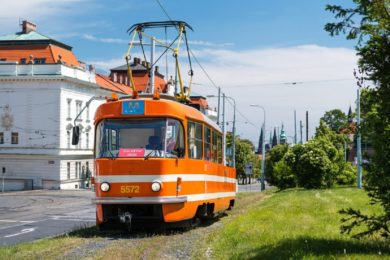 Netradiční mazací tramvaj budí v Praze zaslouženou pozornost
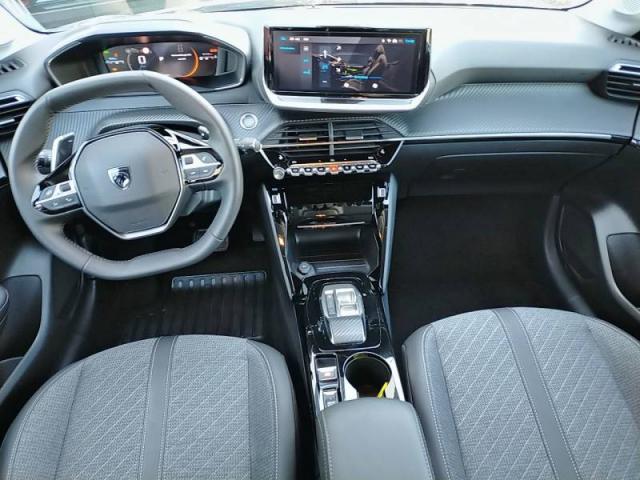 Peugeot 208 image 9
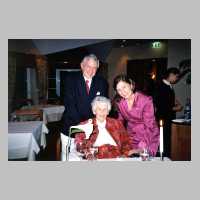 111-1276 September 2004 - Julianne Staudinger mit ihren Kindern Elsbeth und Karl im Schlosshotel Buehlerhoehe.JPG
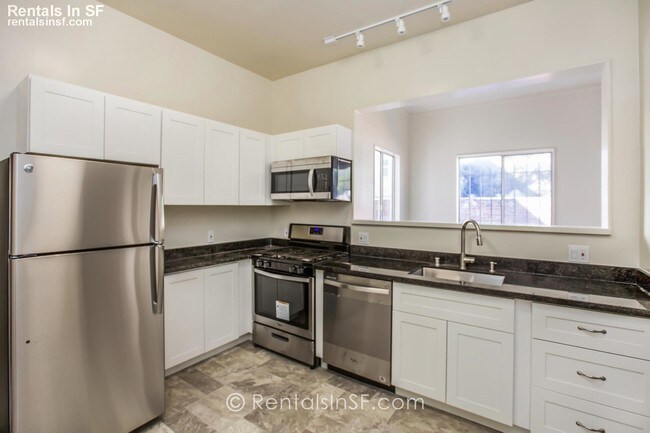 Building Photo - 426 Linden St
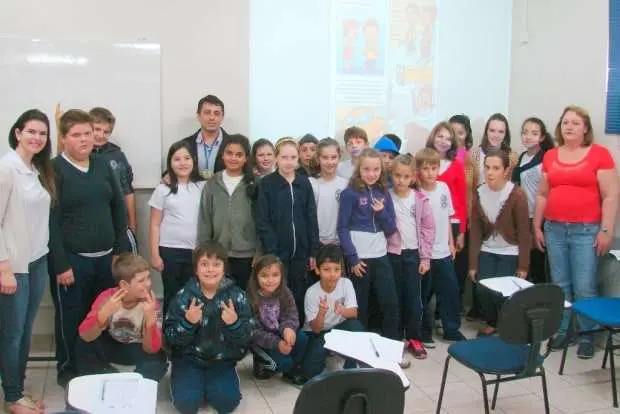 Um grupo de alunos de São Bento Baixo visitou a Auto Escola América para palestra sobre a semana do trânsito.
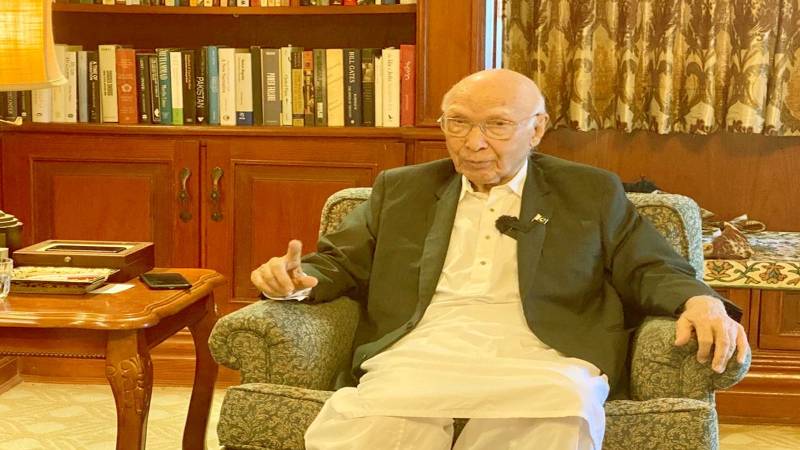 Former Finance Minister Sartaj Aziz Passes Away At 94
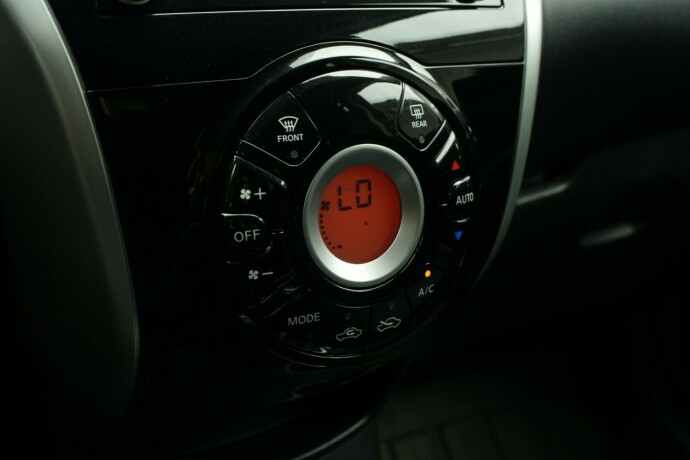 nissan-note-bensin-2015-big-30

...

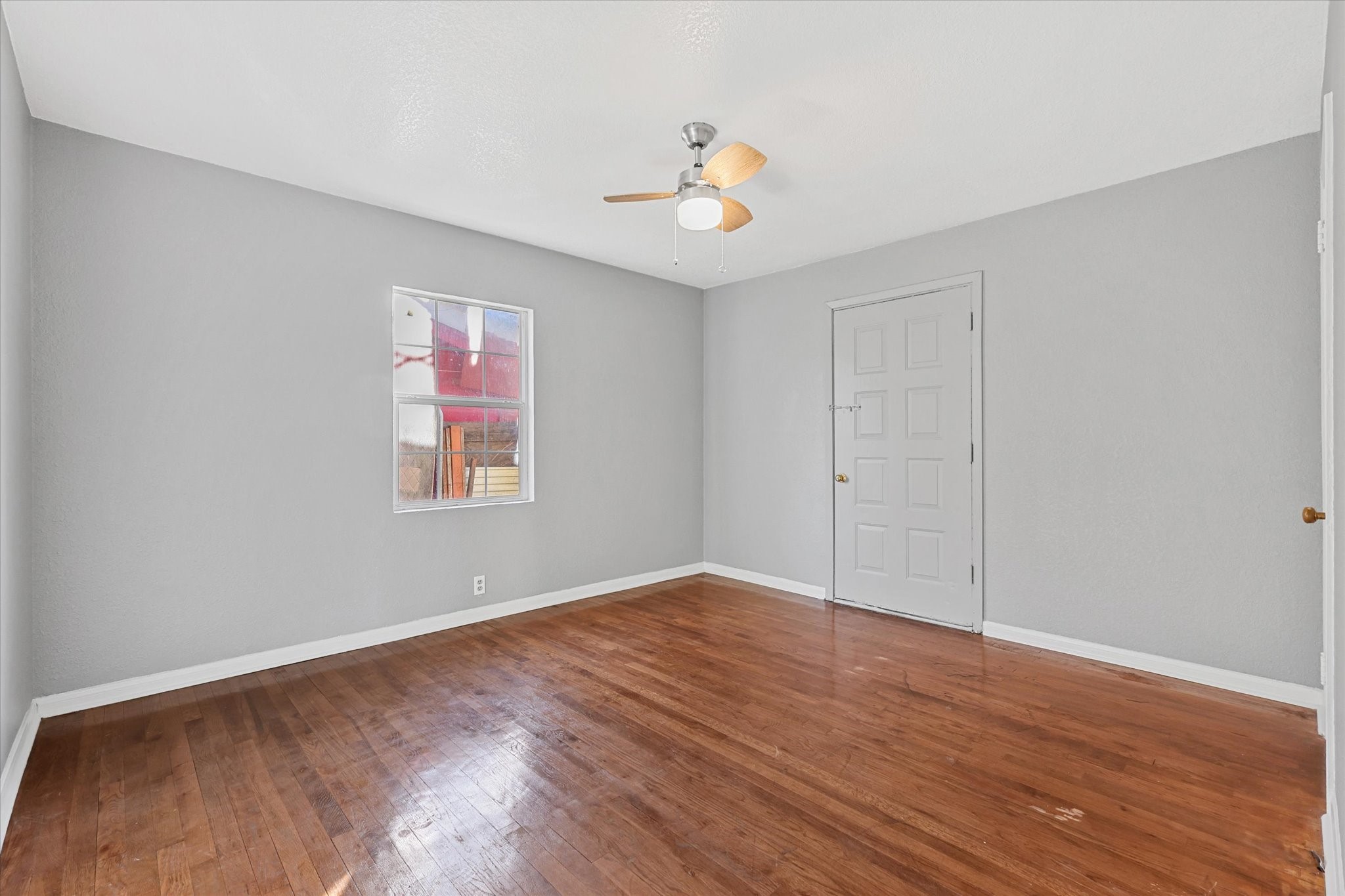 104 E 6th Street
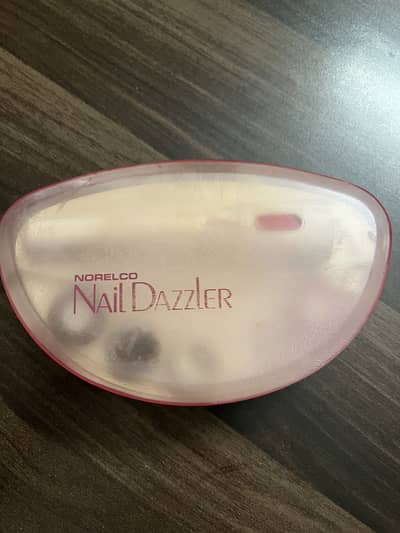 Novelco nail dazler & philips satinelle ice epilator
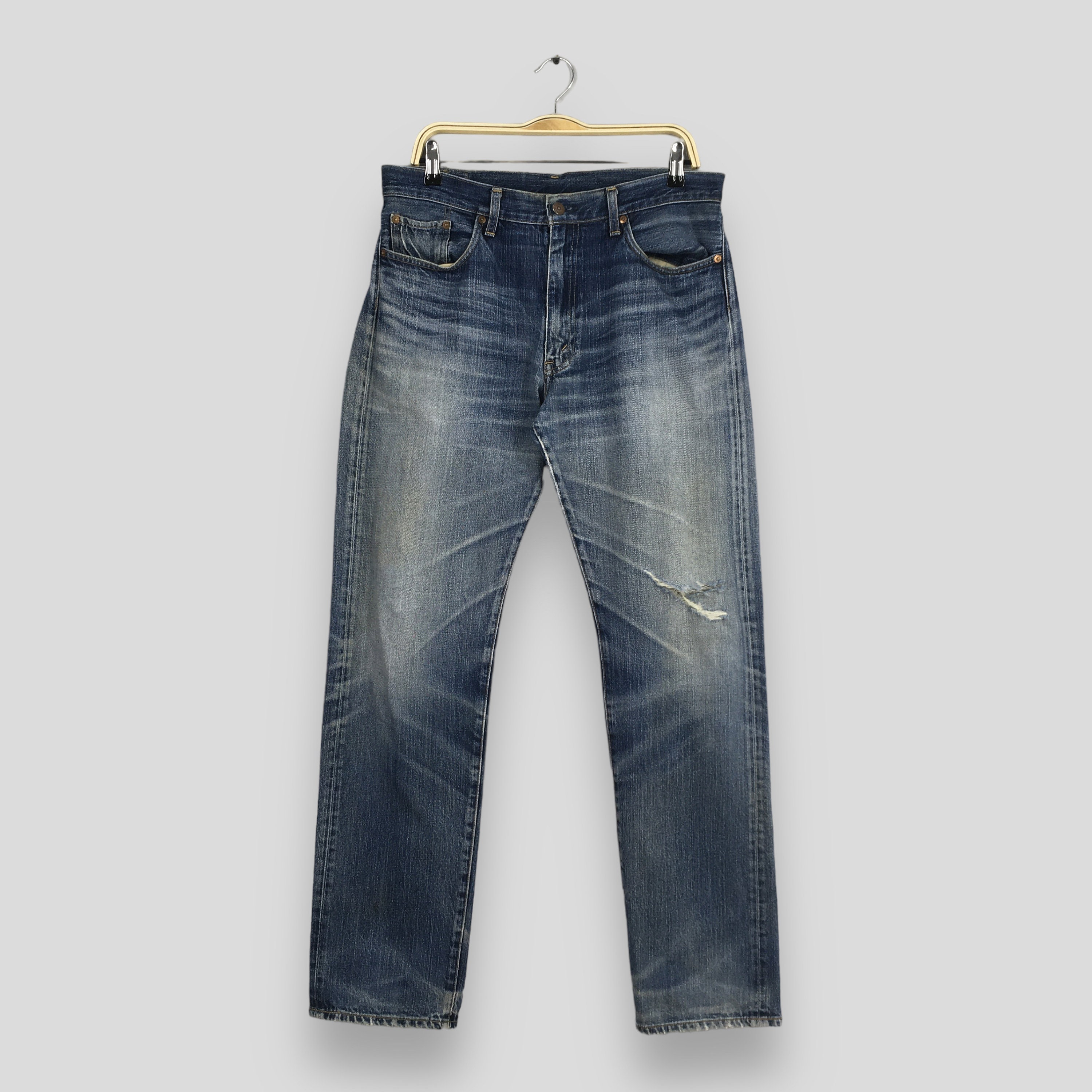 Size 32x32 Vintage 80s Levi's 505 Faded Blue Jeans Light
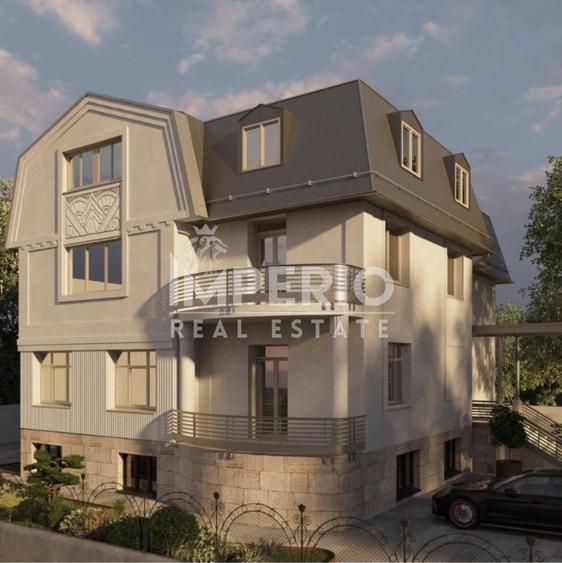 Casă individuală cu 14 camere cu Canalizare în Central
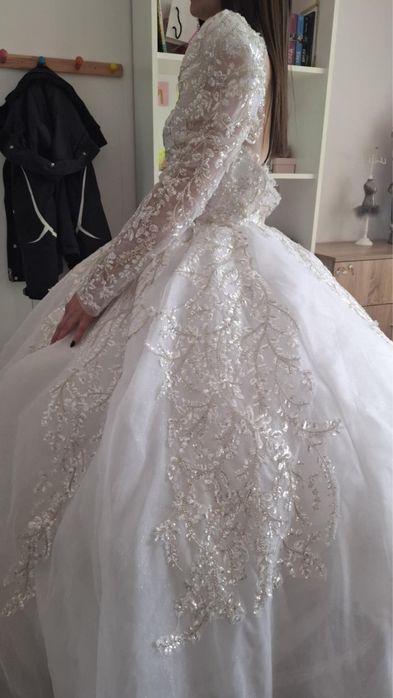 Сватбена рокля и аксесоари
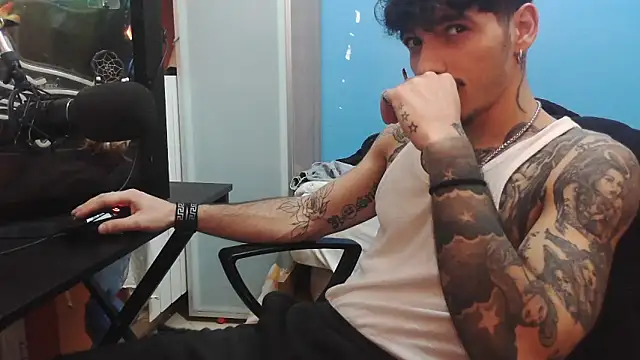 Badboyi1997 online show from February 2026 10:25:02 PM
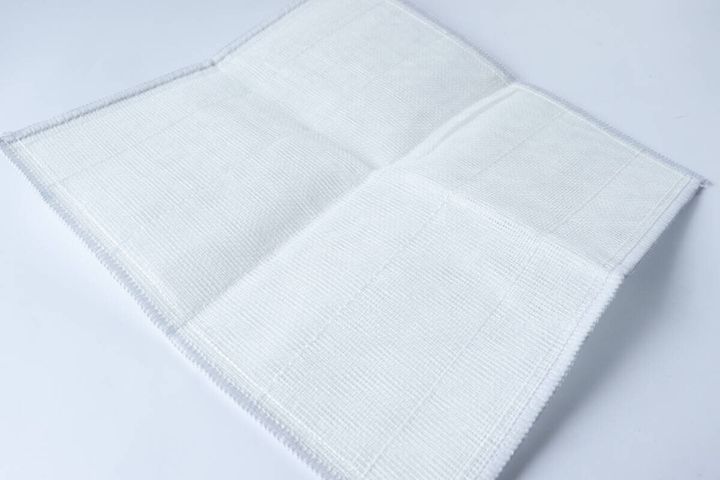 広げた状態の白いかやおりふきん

== TASK BRIEF ==
What is needed is an exact copy of only the lines above from the one with "Netradiční mazací tramvaj" to the one with "nissan-note-bensin-2015-big-30", both kept, with every picture left out.

== PROBLEM SOLUTION ==
 Netradiční mazací tramvaj budí v Praze zaslouženou pozornost
 Peugeot 208 image 9
 111-1276 September 2004 - Julianne Staudinger mit ihren Kindern Elsbeth und Karl im Schlosshotel Buehlerhoehe.JPG
 Building Photo - 426 Linden St
 Um grupo de alunos de São Bento Baixo visitou a Auto Escola América para palestra sobre a semana do trânsito.
 Former Finance Minister Sartaj Aziz Passes Away At 94
 nissan-note-bensin-2015-big-30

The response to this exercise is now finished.